1. **Interpretability by Design**
   ```python
   # Edge activation contains interpretable basis functions
   ADVANCED_LIB = {
       'x': (lambda x: x),          # Linear
       'x^2': (lambda x: x**2),     # Quadratic
       'sin(x)': np.sin,            # Periodic
       'tanh(x)': np.tanh          # Bounded
   }
   ```

2. **Automatic Simplification**
   ```python
   def simplify_formula(terms, threshold=1e-4):
       return [term for term in terms if abs(term.coefficient) > threshold]
   ```

3. **Research-Oriented Architecture**
   ```python
   class SymbolicEdge:
       def forward(self, x):
           return sum(w * f(x) for w, f in zip(self.weights, self.basis_functions))
           
       def get_formula(self):
           return format_symbolic_terms(self.weights, self.basis_functions)
   ```

### Architecture Diagram

![Architecture Diagram](https://raw.githubusercontent.com/silvermete0r/oikan/main/docs/media/oikan_model_architecture_v0.0.2.2.png)

### Key Design Principles

1. **Interpretability First**: All transformations maintain clear mathematical meaning
2. **Scikit-learn Compatibility**: Familiar `.fit()` and `.predict()` interface
3. **Symbolic Formula Exporting**: Export formulas as lightweight mathematical expressions
4. **Automatic Simplification**: Remove insignificant terms (|w| < 1e-4)


### Key Model Components

1. **EdgeActivation Layer**:
   - Implements interpretable basis function transformations
   - Automatically prunes insignificant terms
   - Maintains mathematical transparency

2. **Formula Extraction**:
   - Combines edge transformations with learned weights
   - Applies symbolic simplification
   - Generates human-readable expressions

3. **Training Process**:
   - Gradient-based optimization of edge weights
   - Automatic feature importance detection
   - Complexity control through regularization

## Contributing

We welcome contributions!
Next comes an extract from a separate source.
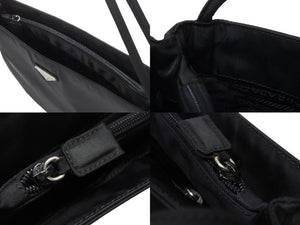 PRADA プラダ ナイロン ハンドバッグ ワンショルダーバッグ トライアングルロゴ ブラック シルバー金具 美品 中古 4b006032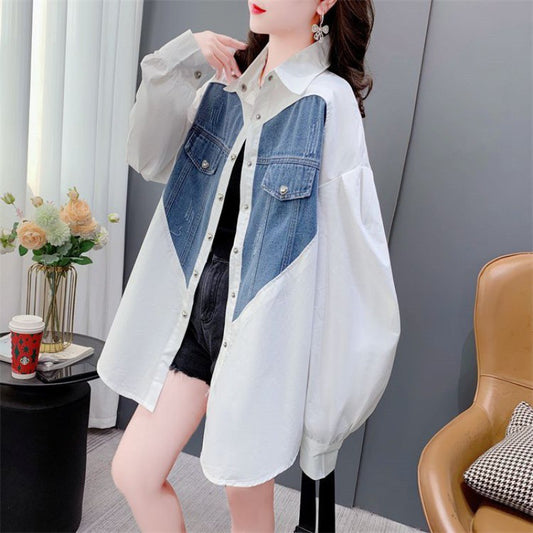 Camisa Denim Holgada con Patchwork a Rayas - Estilo Casual y Desenfadado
Key areas of interest:

- Model architecture improvements
- Novel basis function implementations
- Improved symbolic extraction algorithms
- Real-world case studies and applications
- Performance optimizations

Please see [CONTRIBUTING.md](CONTRIBUTING.md) for guidelines.

## Citation

If you use OIKAN in your research, please cite:

```bibtex
@software{oikan2025,
  title = {OIKAN: Optimized Interpretable Kolmogorov-Arnold Networks},
  author = {Zhalgasbayev, Arman},
  year = {2025},
  url = {https://github.com/silvermete0r/OIKAN}
}
```

## License
This project is licensed under the MIT License - see the [LICENSE](LICENSE) file for details.